Buses make good time through the Eastern Terai on the Mahendra Highway, and the almost-completed Dhulikhel–Sindhuli Highways will make getting to the east even easier. However, most places described in this chapter are located on side roads, and require various degrees of extra toil to reach. Tourist facilities are minimal, but the haat bazaars (weekly markets) are well worth looking out for.
The countryside surrounding Janakpur is inhabited by Hindu castes and members of the Tharu and Danuwar ethnic groups, and features some of the most meticulously kept farmland you’ll ever see. You can ride the narrow-gauge railway east or west and, during the cooler months, take bike rides along several roads radiating out from the city.
Hindu women of the deeply conservative villages around Janakpur are rarely spared from their household duties, and, once married, are expected to remain veiled and silent before all males but their husbands. Fortunately, their rich tradition of folk art offers them an escape. Set in a walled compound, the nonprofit Janakpur Women’s Development Center (Nari Bikas Kendra) provides a space for women from nearby villages to develop. Founded in 1989, with assistance from several international NGOs, the artists’ cooperative helps its fifty-odd members turn their skills into income – and the fact that some have gone on to start their own companies is a sure sign of the project’s success. But more importantly, the centre empowers women through training in literacy and business skills, and support sessions in which they can share their feelings and discuss their roles in family and society.
Initially specializing in Maithili paper art, the centre now has separate buildings for sewing, screen-printing, ceramics and painting. Visitors are welcome to meet the artists and learn about their work and traditions. A gift shop sells crafts made on the premises, as well as the booklet, Master Artists of Janakpur.
For three thousand years, Hindu women of the region once known as Mithila have maintained a tradition of painting, using techniques and motifs passed from mother to daughter. The colourful images can be viewed as fertility charms, meditation aids or a form of storytelling, embodying millennia of traditional knowledge.
From an early age Brahman girls practice drawing complex symbols derived from Hindu myths and folk tales, which over the course of generations have been reduced to mandala-like abstractions.
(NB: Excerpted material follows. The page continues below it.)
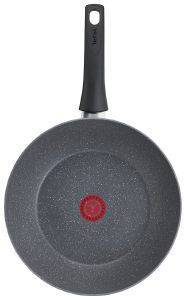 A  TEFAL CHEF DELIGHT STONE  (28CM)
By the time she is in her teens, a girl will be presenting simple paintings to her arranged fiancé; the courtship culminates with the painting of a kohbar, an elaborate fresco on the wall of the bride’s bedroom, where the newlyweds will spend their first nights. Depicting a stalk of bamboo surrounded by lotus leaves (symbols of male and female sexuality), the kohbar is a powerful celebration of life and creation. Other motifs include footprints and fishes (representing Vishnu), parrots (symbolic of a happy union), Krishna cavorting with his milkmaids, and Surabhi, the Cow of Plenty, who inflames the desire of those who milk her. Perhaps the most striking aspect of the kohbar is that, almost by definition, it is ephemeral: even the most amazing mural will be washed off within a week or two. Painting is seen as a form of prayer or meditation; once completed, the work has achieved its end.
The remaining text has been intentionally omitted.